▶ [Exercise brief]:
Your answer must restate each entry below word for word, with no pictures in it.

▶ [Input records]:
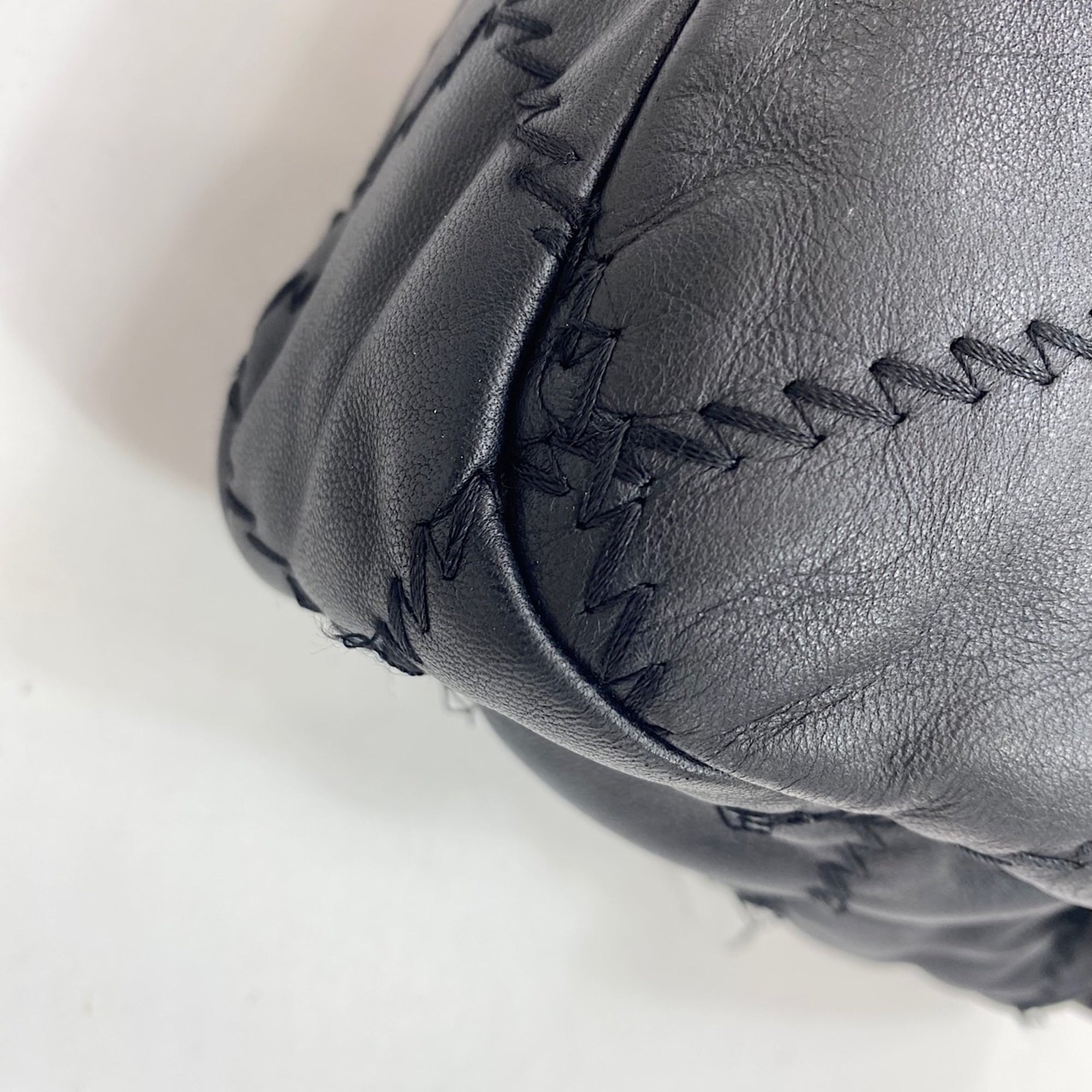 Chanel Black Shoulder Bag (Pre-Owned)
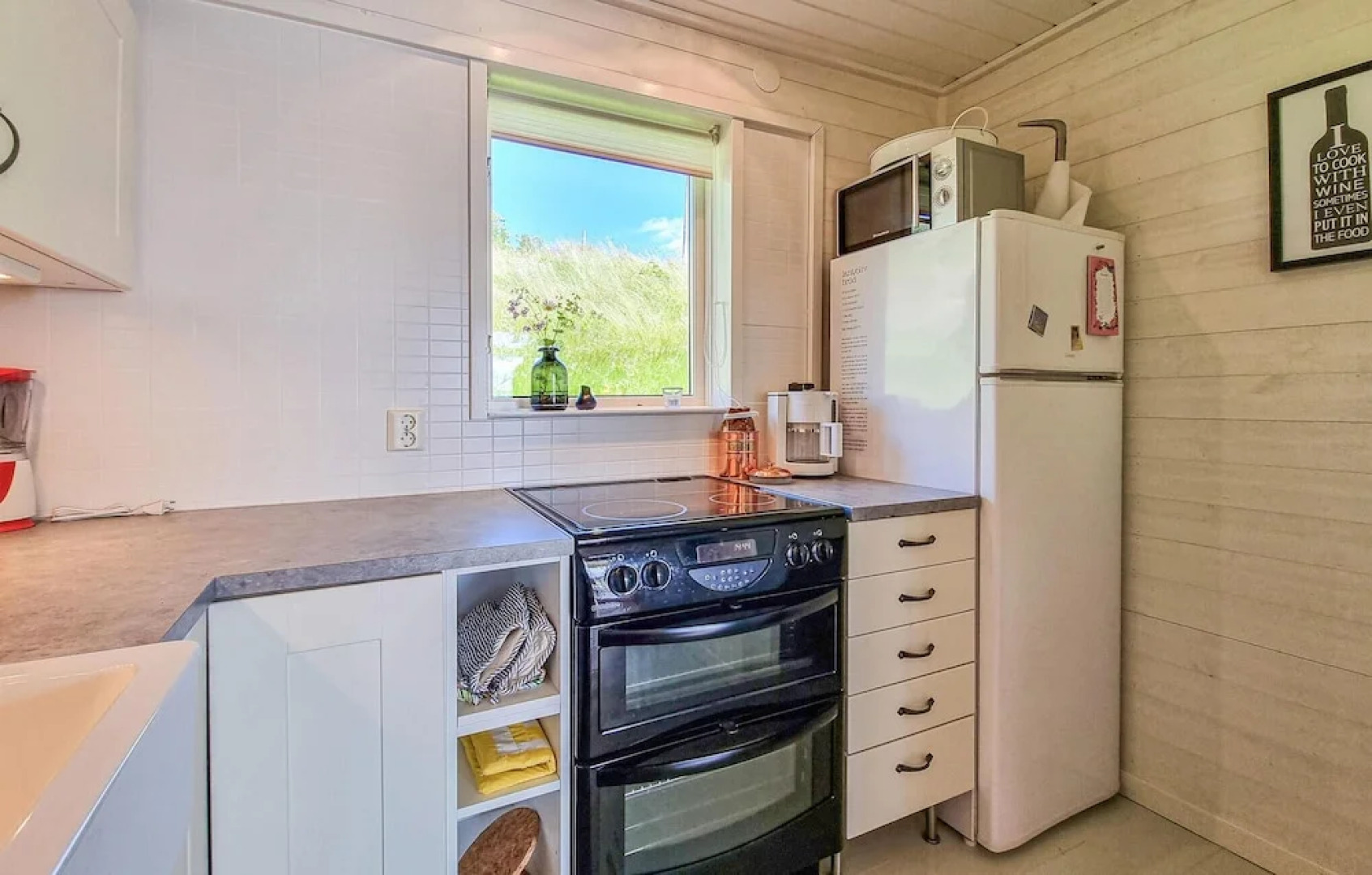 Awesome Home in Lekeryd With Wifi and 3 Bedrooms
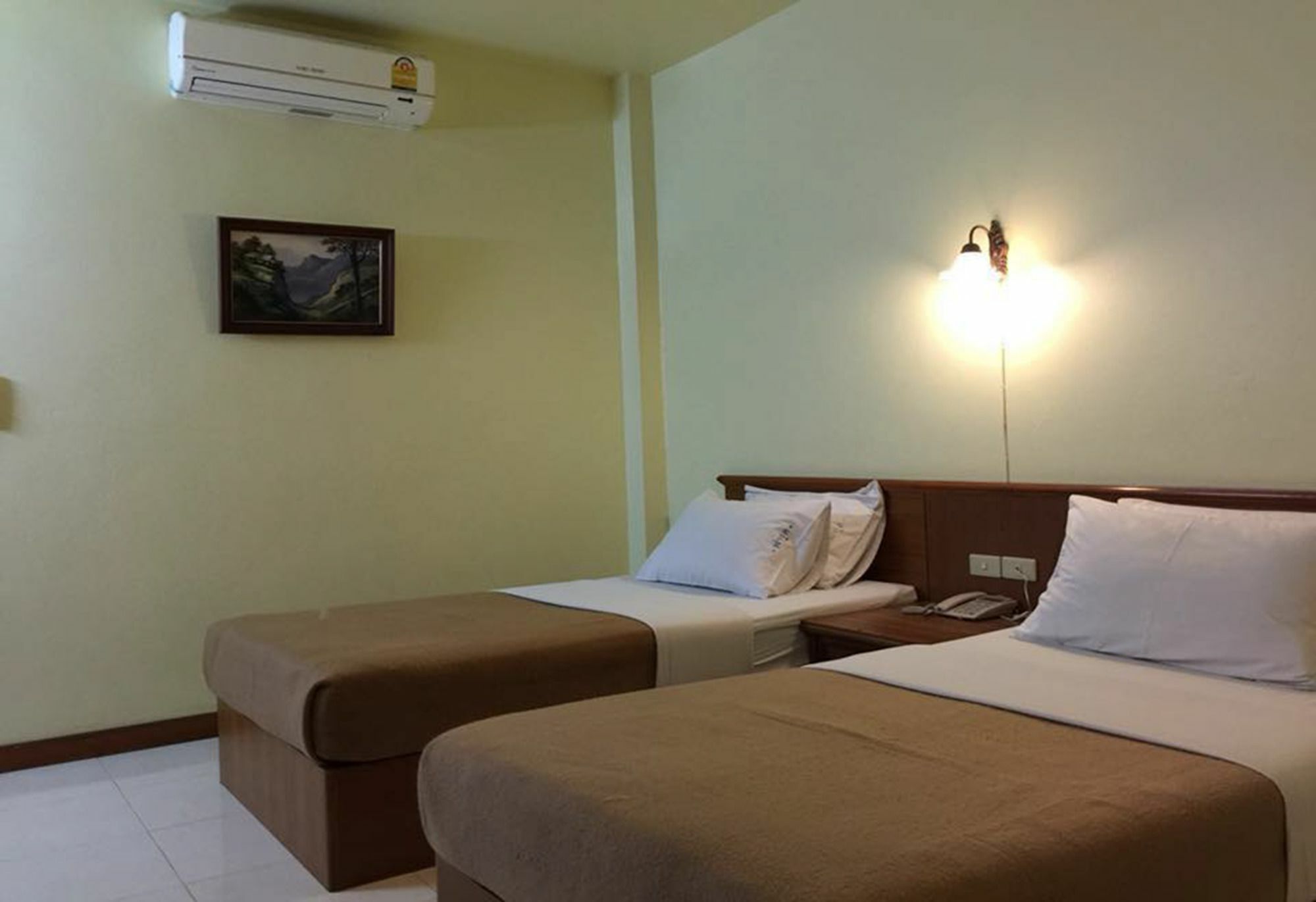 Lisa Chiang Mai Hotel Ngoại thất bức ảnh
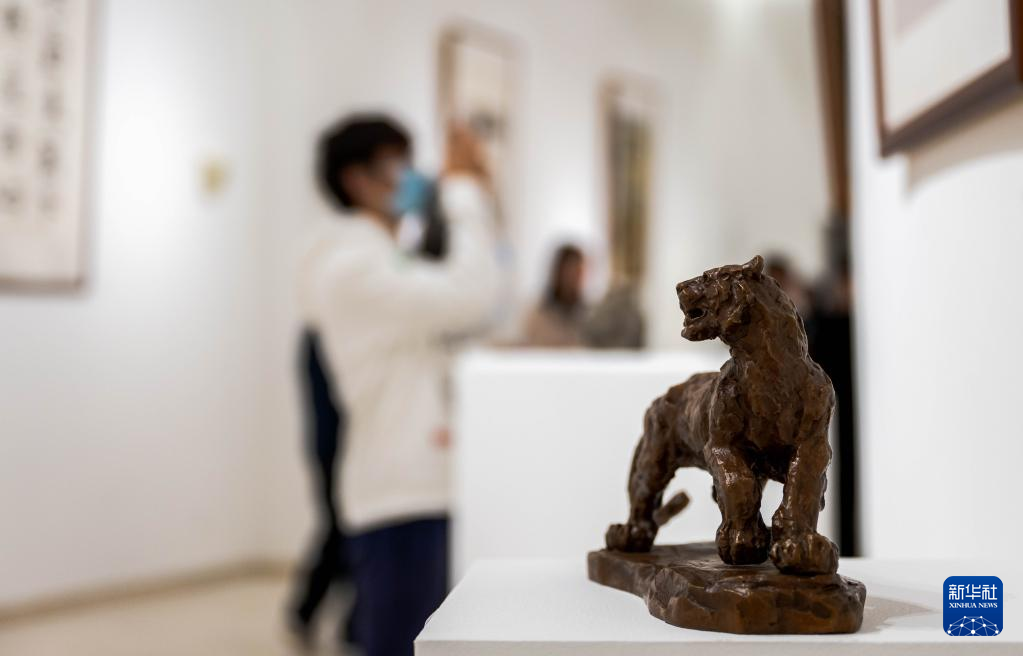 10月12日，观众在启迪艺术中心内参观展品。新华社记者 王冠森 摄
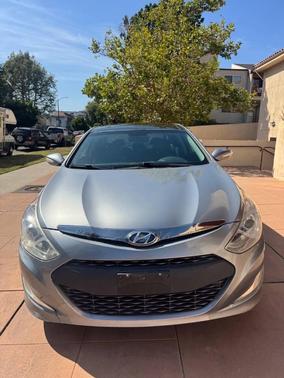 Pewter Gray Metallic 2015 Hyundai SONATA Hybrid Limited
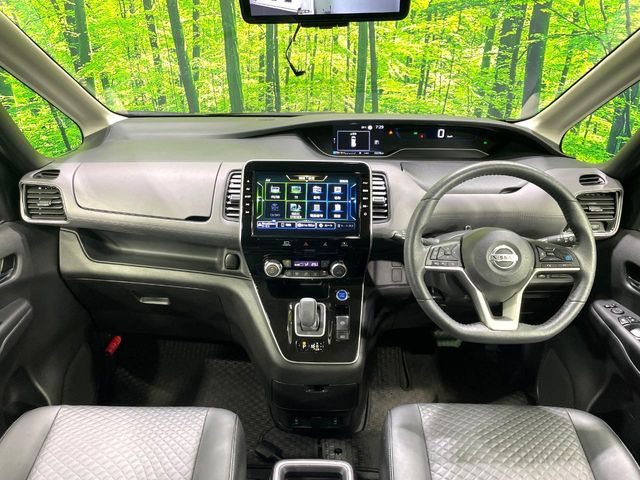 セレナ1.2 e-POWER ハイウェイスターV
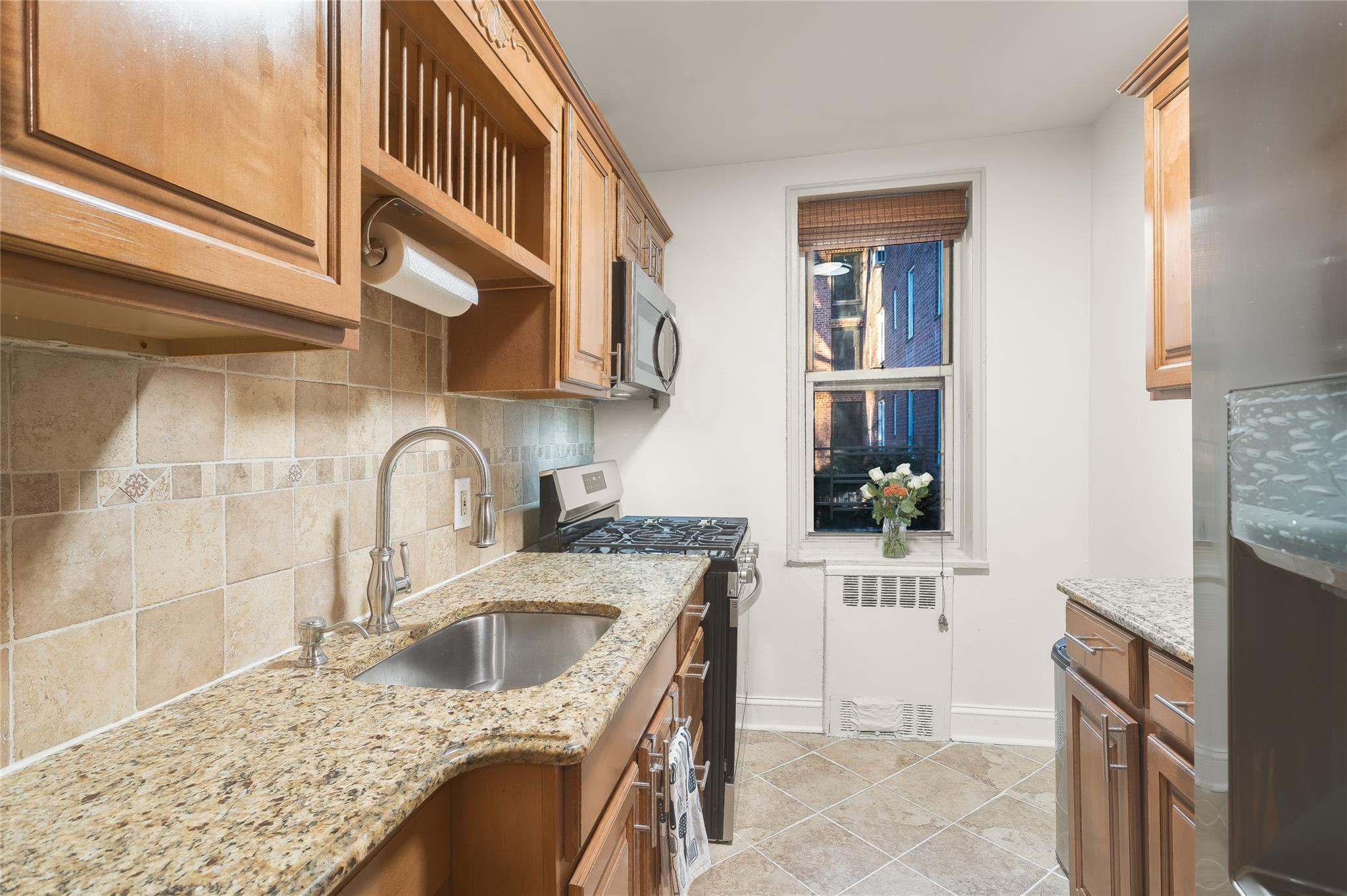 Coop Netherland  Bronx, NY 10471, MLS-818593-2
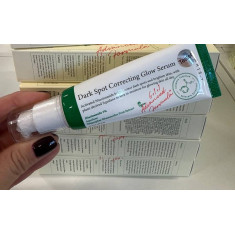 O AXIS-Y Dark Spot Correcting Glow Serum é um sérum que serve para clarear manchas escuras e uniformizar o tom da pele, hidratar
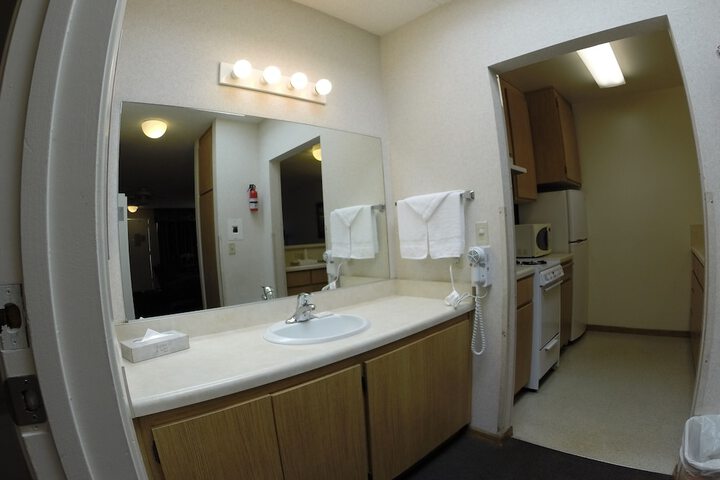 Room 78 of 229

▶ [Answer box]:
 Chanel Black Shoulder Bag (Pre-Owned)
 Awesome Home in Lekeryd With Wifi and 3 Bedrooms
 Lisa Chiang Mai Hotel Ngoại thất bức ảnh
 10月12日，观众在启迪艺术中心内参观展品。新华社记者 王冠森 摄
 Pewter Gray Metallic 2015 Hyundai SONATA Hybrid Limited
 セレナ1.2 e-POWER ハイウェイスターV
 Coop Netherland  Bronx, NY 10471, MLS-818593-2
 O AXIS-Y Dark Spot Correcting Glow Serum é um sérum que serve para clarear manchas escuras e uniformizar o tom da pele, hidratar
 Room 78 of 229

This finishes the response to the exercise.